Date(s) - 17/06/2016
This talk mainly addresses the problem of ranking news events on a daily basis for large heterogeneous news corpora, an essential step towards reducing information overload. News ranking has been addressed in the literature before but with individual news articles as the unit of ranking. We believe that a cluster of news articles representing an event is a better unit of ranking as it provides a wide variety of cues such as popularity, source diversity and authority. Building on the observation that events sometimes are parts of long-running topics we devise features which encode the historical importance of an event. Our main contribution in this work is to blend these features to provide a novel technique for ranking news events. To this end, we propose event mining and feature generation approaches which provide better estimates of event importance. Finally, we conduct extensive evaluation of our approaches on two large real world news corpora each of which span for more than a year with a large volume of up to tens of thousands of daily news articles and using a clean human curated ground-truth from Wikipedia Current Events Portal. Experimental comparison with a state-of-the-art news ranking technique based on textual features demonstrates the effectiveness of our approach.

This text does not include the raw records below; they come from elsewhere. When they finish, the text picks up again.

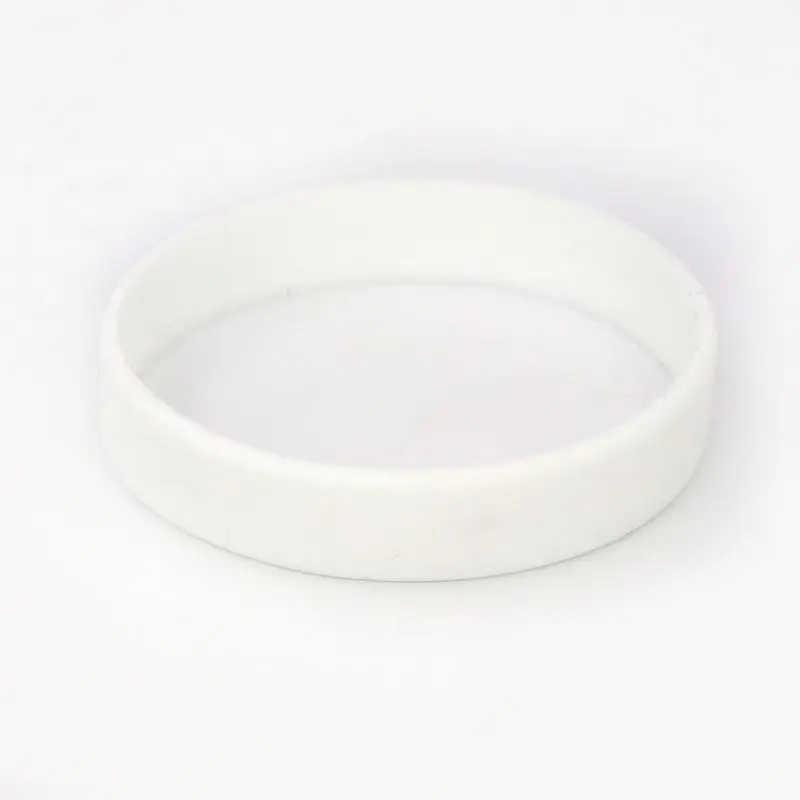 Leere Erwachsene Männer Armband Runde Silikon Armband Armband Armreifen Gummi Armband Sport Spiele Casual Schmuck Geschenk – Detail 8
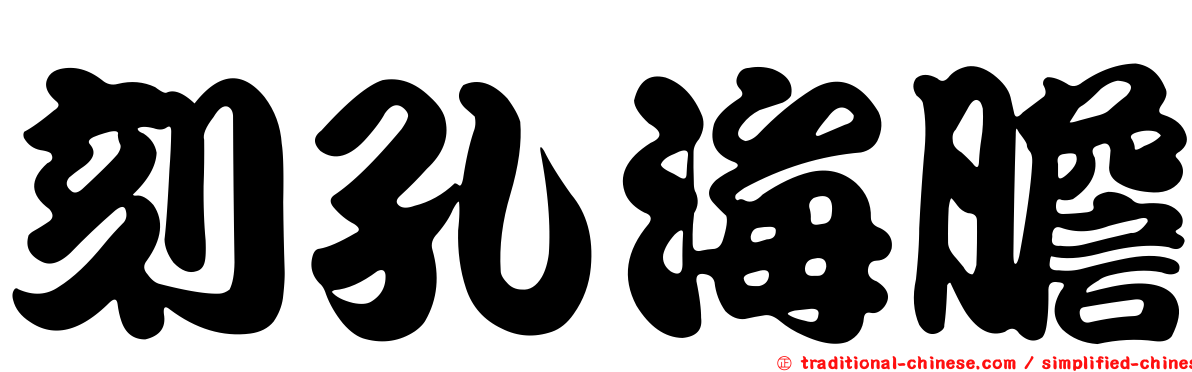 刻孔海膽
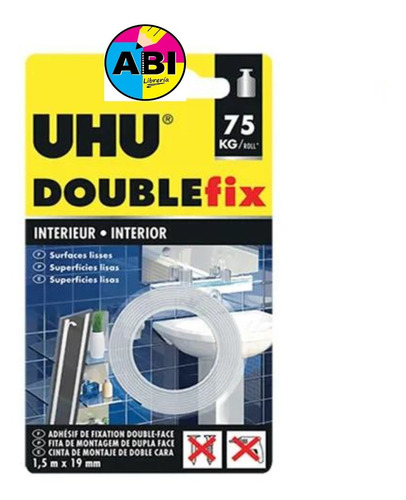 Cinta D/faz Uhu Extra Fuerte Double Fix Profesional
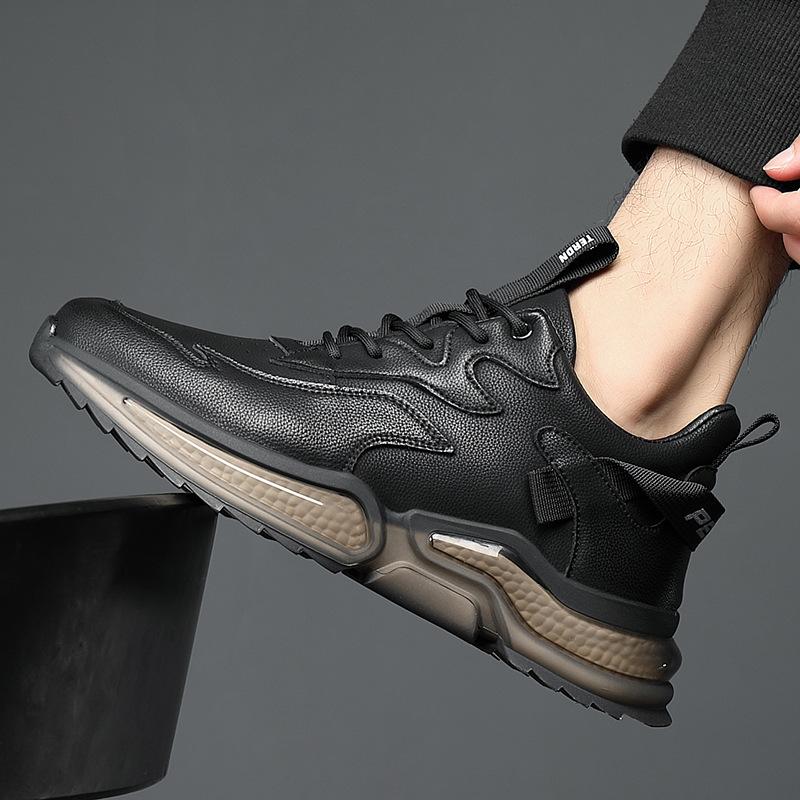 Luxury Designer Young Men S Shoes Leather Sneakers Men Fashion Casual Shoes Breathable Platform Male Sport Shoes Men Loafers 40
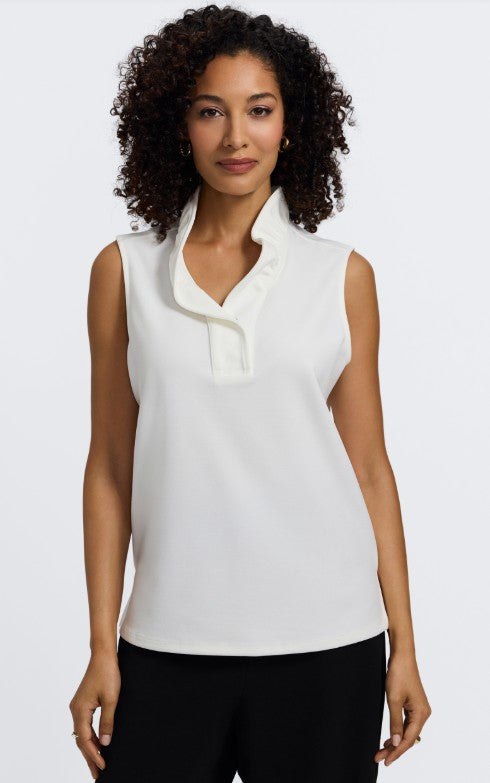 203787 - Tammy Sleeveless Top-02-Tops/Blouses-Foxcroft-Krista Anne's Boutique, Women's Fashion and Accessories Located in Oklahoma City, OK and Black Mountain, NC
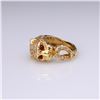 Image 3 : 18K Yellow Gold Diamond & Ruby Panther Ring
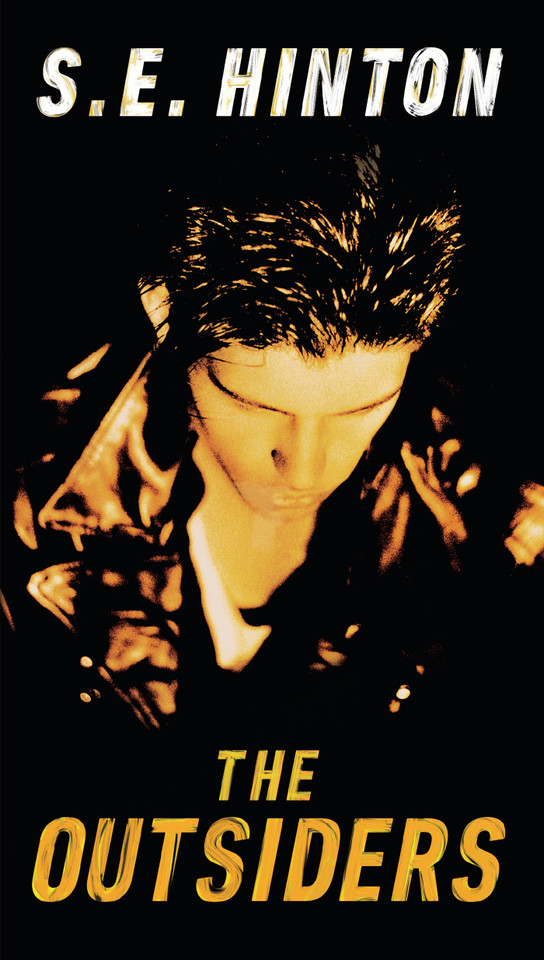 The Outsiders book cover by S. E. Hinton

Further the talk will also address the problem of exploring comments for news events from social media such as Reddit. These comments are often noisy and sparse, therefore, identifying sub-topics within them to explore social media is a challenge. In this work, we develop an effective way to distill sub-topics from all the comments related to a textual query and apply diversification techniques to select comments.

Speaker:  Vinay Setty

Short bio: Vinay Setty is a postdoctoral researcher at the Databases and Information Systems group, Max Planck Institute in Informatics, Saarbruecken, Germany, headed by Prof. Gerhard Weikum. Prior to that he got a PhD from University of Oslo, Norway under the supervision of Prof. Roman Vitenberg and Prof. Maarten van Steen on the topic of “Design, Analysis and resource provisioning of scalable Publish/Subscribe for social interaction applications”. Vinay also worked as a visiting scholar at Spotify in Sweden analyzing their pub/sub infrastructure and workload. Vinay has also served as a PC member for DEBS, ECML PKDD conferences recently. Prior to PhD Vinay got his Masters degree from Saarland University and wrote his Master’s thesis on exploring interesting time points in versioned documents again in Prof. Weikum’s group.